Turkey’s decision on Wednesday to send troops, tanks, and warplanes into Syria to help an Arab rebel force take control of the city of Jarabulus, in the northern part of Aleppo province, may further compound tensions between Ankara and Washington, though there are also contradictory signs that those tensions are easing a bit. While the rebels seized Jarabulus from IS, it is likely that Turkey got involved not simply to dislodge IS, but to ensure that the Arab rebels captured the city before the YPG could do it. And now that it’s entered Syria, Ankara appears ready for a fight should the YPG attempt to take Jarabulus from the Arab rebels, something that, again, could stoke U.S.-Turkish tensions. However, even as it has worked closely with the YPG in the northeast, the U.S. has tried to curtail the Kurdish militia’s ambitions to take and hold territory to the west, like Jarabulus and Manbij. In Ankara on Wednesday to meet with Erdogan, U.S. Vice President Joe Biden insisted at a press conference that the YPG must fall back to the eastern side of the Euphrates River or else “they cannot and will not get American support.” And the U.S. has reportedly been considering giving the Turkish-backed force that took Jarabulus its direct military support. So it’s possible that Washington and Ankara have reached a compromise about the limits of U.S. support for, and Turkish opposition to, the YPG’s war aims.

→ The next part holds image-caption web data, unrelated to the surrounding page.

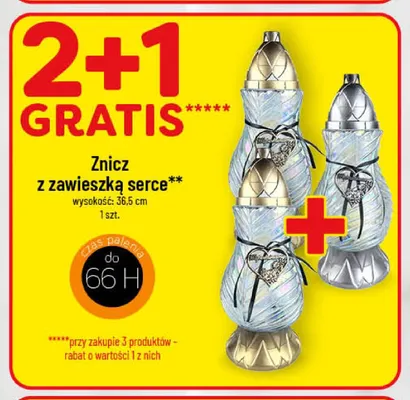 Znicz z zawieszką serce promocja w POLOmarket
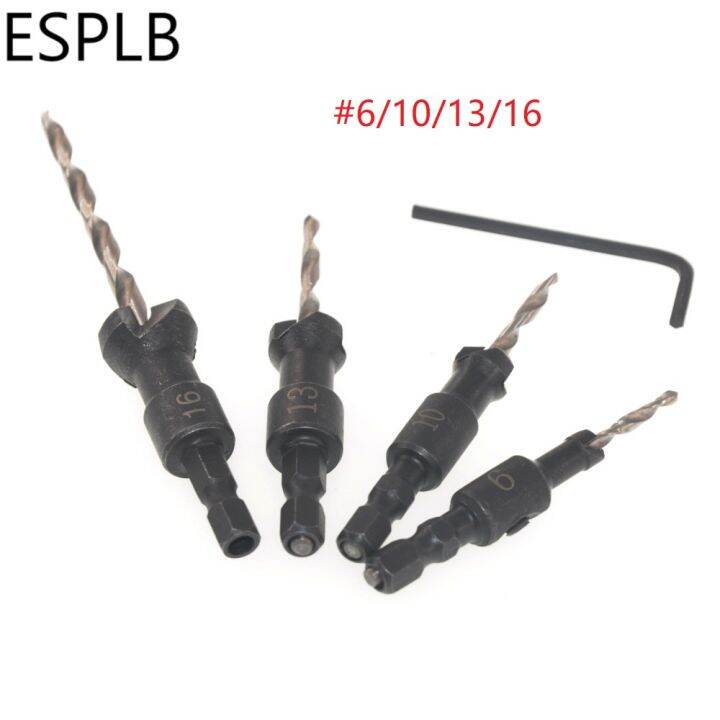 esplb-4ชิ้น1-4นิ้วเจาะซิงค์เคาน์เตอร์-hss-ก้านหกเหลี่ยมชุดบิต6-10-13-16รูสำหรับอ่างน้ำเจาะมุมเครื่องมือการทำงานไม้ช่างไม้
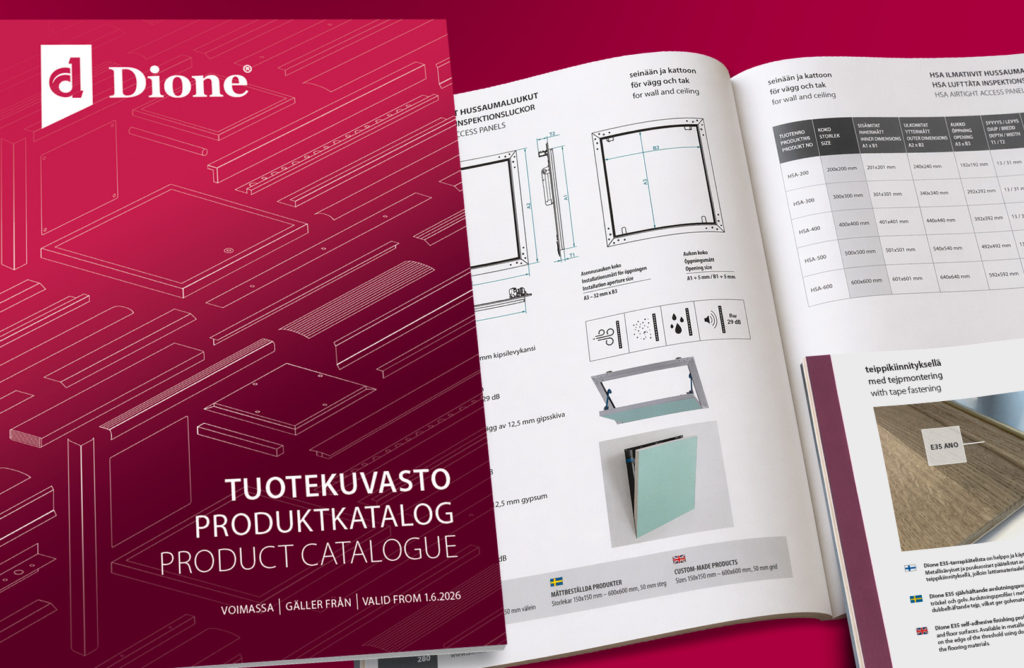Dione Product Catalogue 2026 cover and inside spread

At the same time, U.S. support for the Kurds may help explain why Assad now sees them as a threat in his own right, absent any thought of gaining Turkish support. As Landis told me, “the U.S. has essentially been supporting a Kurdish nationalist movement in northeastern Syria in exchange for the Kurds helping the U.S. to destroy IS. Its efforts to build up the Kurds increased Kurdish confidence, and now the PYD have decided to renegotiate their understanding with the Syrian government, pushing forward with their nationalist ambitions. The PYD is confident that it can wipe out these pockets of Syrian government control in northeastern Syria with U.S. backing, and that the Syrian government is too weak to do anything about it.”
Landis seems to think that, although they may be worried about the possibility of a new Turkey-Russia-Iran alliance, the Kurds are not in any immediate danger from some kind of joint Erdogan-Assad offensive:
My hunch is that it would be very difficult for Assad and Erdogan to agree. There’s a lot of bad blood there, and Turkey has invested a lot in trying to bring down the Syrian government. Turkey has been revising its plans, the new prime minister has been signaling that he wants to stabilize relations with Russia and Iran, but that means Turkey has to move on Assad. And there have been signals from Turkey that Assad would be allowed to be part of a transitional process. But I think the Kurds have a lot of wiggle room because relations are so bad between Erdogan and Assad, and it’s not clear how much the Syrian army can or would offer Turkey in a fight against the Kurds in northeastern Syria—the army is very weak there, especially if the U.S. is prepared to defend the Kurds by air.
“The Kurds have decided that this is their moment,” he added. “The question is whether they overreach, and alienate enough of their neighbors to cause a coalition to be formed against them.”